Kok plin-plan Fa, bukan plin-plan, tapi saya memang suka musik, tapi yang easy listening. Tapi kalau boleh jujur, dalam kurun waktu lima tahun terakhir saya sangat jarang mendengarkan musik Indonesia. Bukannya saya tidak cinta, tapi rasa bosan melihat aroma musik yang itu-itu saja. Bosan lihat Nidji, bosan lihat ST12 atau bosan melihat Kangen band. Wadalah, boleh percaya atau tidak, untuk tulisan band Repvblik, aku baru tahu tiga hari yang lalu. Saya kira tulisannya pakai ’U’ bukan ’V’, tapi ternyata pakai ’V’. Kalau kata orang Jawa, saya sudah kebacut.


Oh ya, saya hampi lupa menyebutkan band satu ini, The Changcuters. Pertama kali saya dengar pemusik asal Bandung ini di salah satu radio di Surabaya akhir tahun 2007. Waktu itu mereka tak setenar sekarang, mereka hanya band indie yang mencoba menembus belantika musik nasional. Namun tak kusangka setahun kemudian band ini sudah menelurkan hits yang menghebohkan bertajuk ’I Love You Bibeh’. Sebuah lagu yang saya pikir sangat simple, baik lirik maupun teknik bermusik.


Nah, mengenai teknik bermusik, saja jadi ingat musisi andalan saya, Dewa Bujana dan Abdi Negara. Menurut saya, keduanya merupakan motor dari band mareka masing-masing. Band Gigi tentu tidak akan komplet jika Bujana tidak hadir atau absen. Begitu juga Slank dengan Abde. Gitaris memang bukan frontman layaknya seorang vokalis. Axl Rose dengan Gun n’ Rosesnya, Mike Shinoda dengan Linkin Parknya atau Ariel dengan Peterpannya. Bermusik memang tidak hanya mengandalkan vocal dan permainan gitar saja, masih ada bass, drum atau instrument lainnya. Kebetulan saja yang saya contohkan adalah pemetik gitar.
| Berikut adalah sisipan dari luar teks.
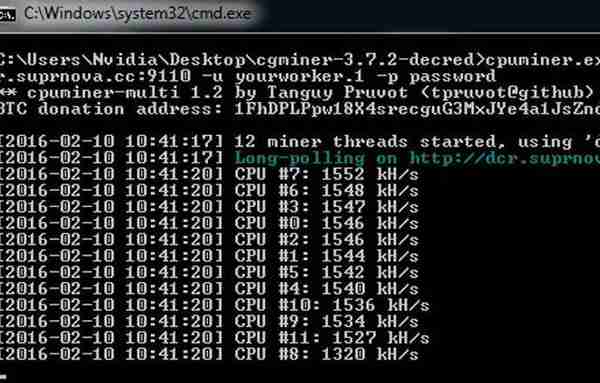 以太坊社区反对 ProgPoW，ASIC 与 GPU 挖矿孰优孰劣？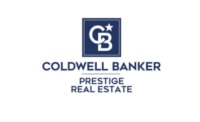 Logo de INMOBILIARIA Coldwell Banker Prestige Barcelona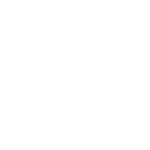 jacket (1)
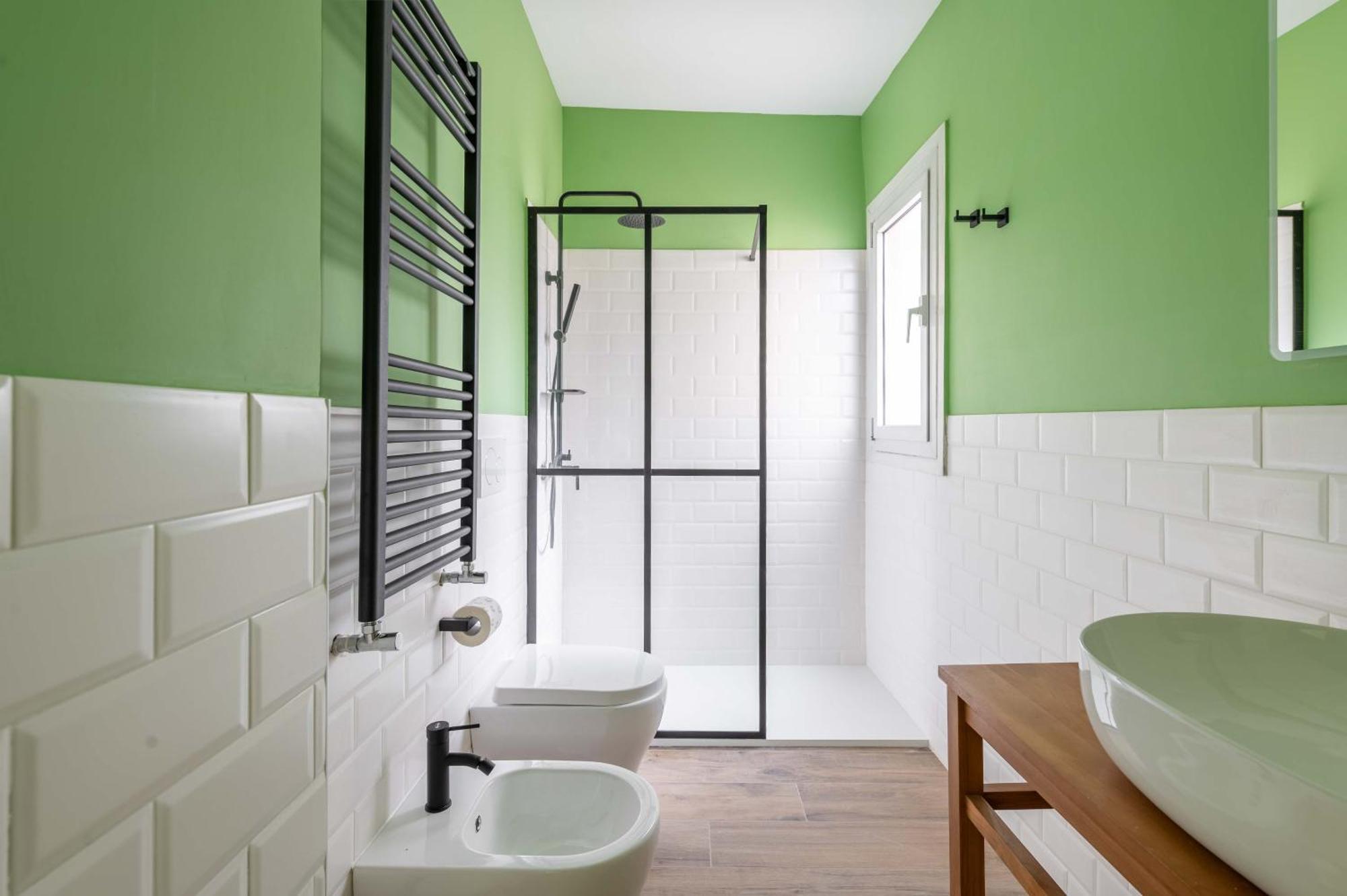 Maison Leonardo Apartment Rome Exterior photo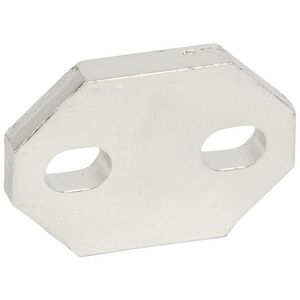 Brug klembreedte 55mm3 Viking 3 VVE=5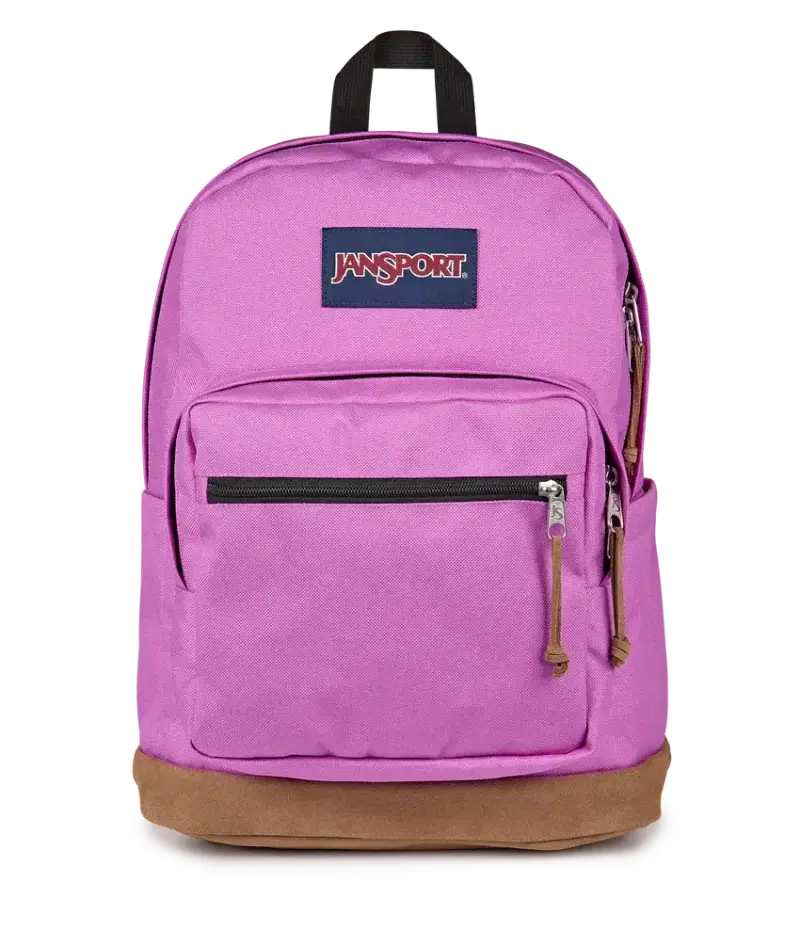 Jansport Right Pack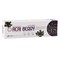 Hanil Зубная паста с натуральным экстрактом ягод асаи / Acai Berry Toothpaste, 180 г 27765-73305 - фото 14804596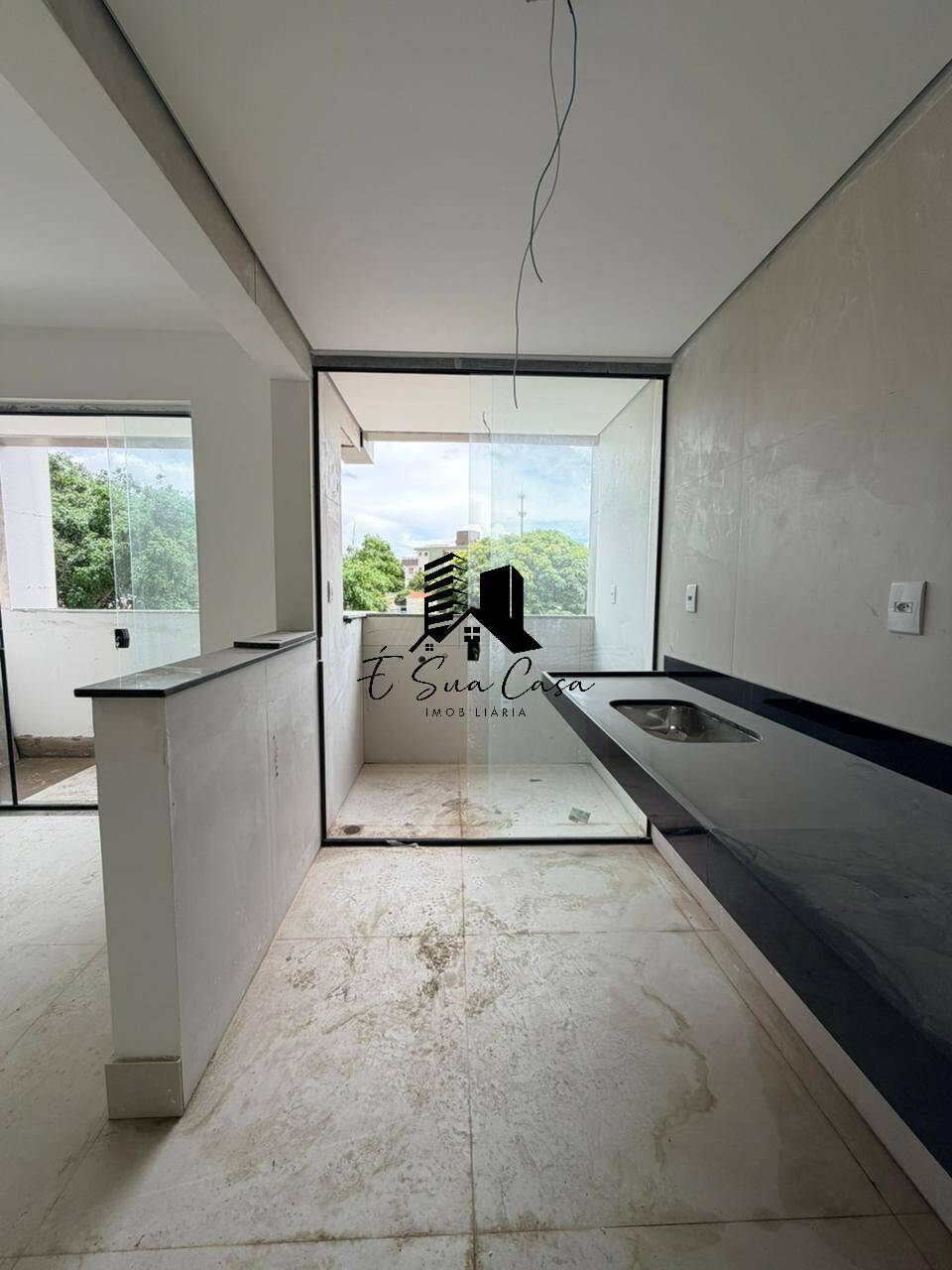 Cobertura, 3 quartos, 147 m² - Foto 32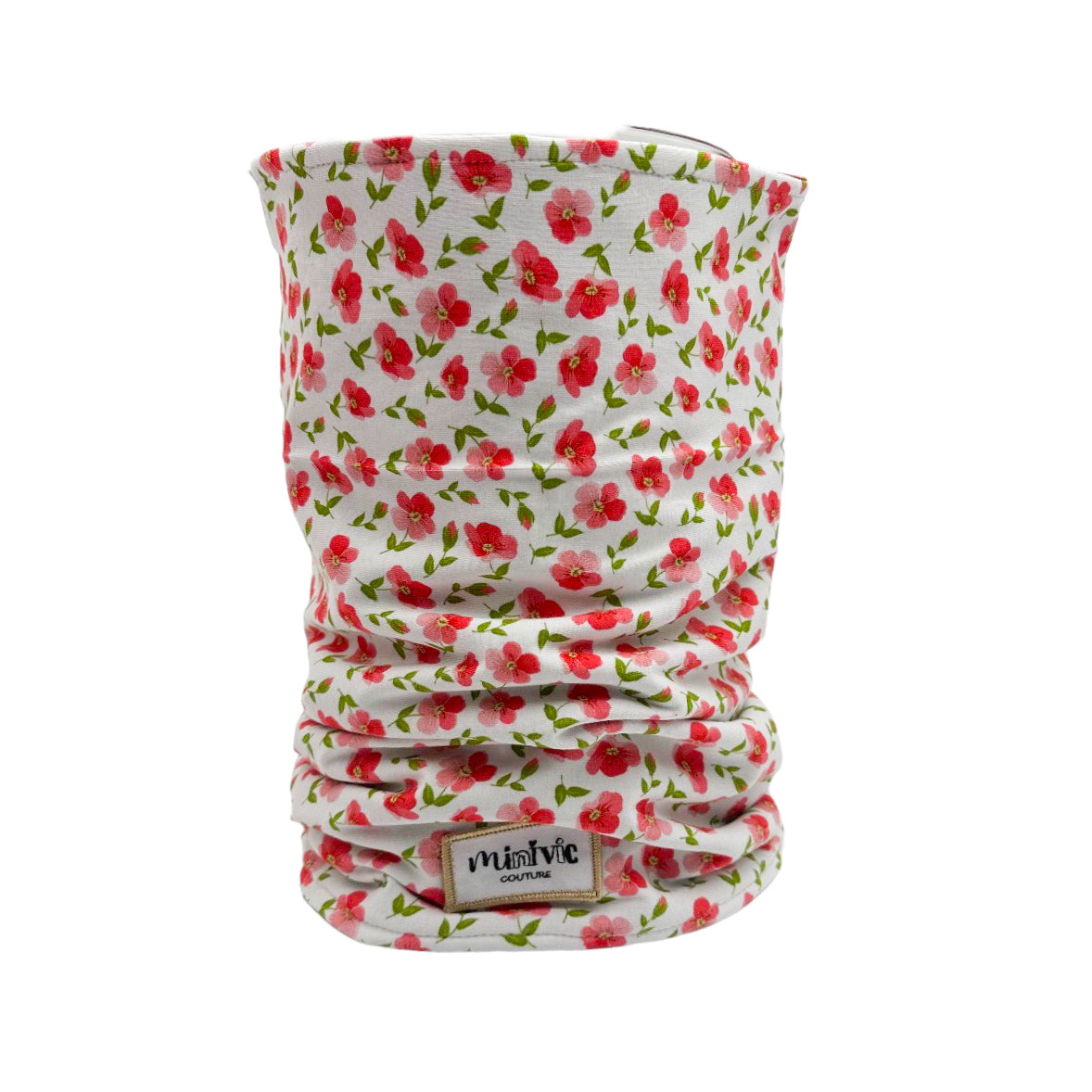 VIAS - Snood*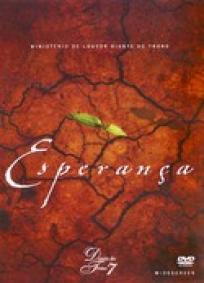Esperança - Diante do Trono 7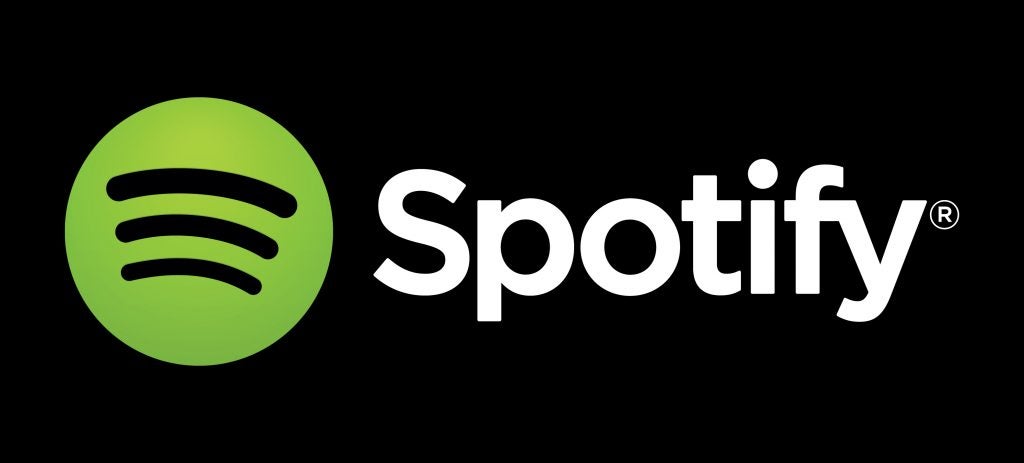 So erhalten Sie einen Studentenrabatt auf Spotify Premium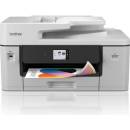 Brother MFCJ3660DWYJ1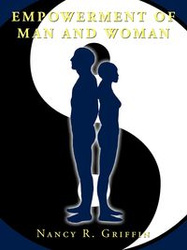 Empowerment of Man and Woman - Griffin Nancy R.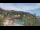 Webcam in Canyamel (Majorca), 2.7 mi away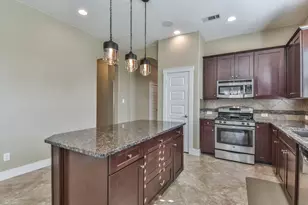 16803 Amelia Island Dr, Cypress, TX 77433 - Photo 11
Bicara tentang musik Indonesia, salah satu penyakitnya adalah inkonsistensi. Jarang kita lihat pemusik yang biasa konsisten hingga puluhan tahun, bahkan menjadi legenda seperti Chrisye atau The Beatles. Justru yang saya lihat saat ini banyak sekali band yang terkesan numpang lewat. Tidak perlu saya sebutkan semua pasti sudah tahu kan. Sempat terpikir oleh saya, apa musim pemusik numpang lewat sedang in di negeri tercinta ini. Muak sekali rasanya.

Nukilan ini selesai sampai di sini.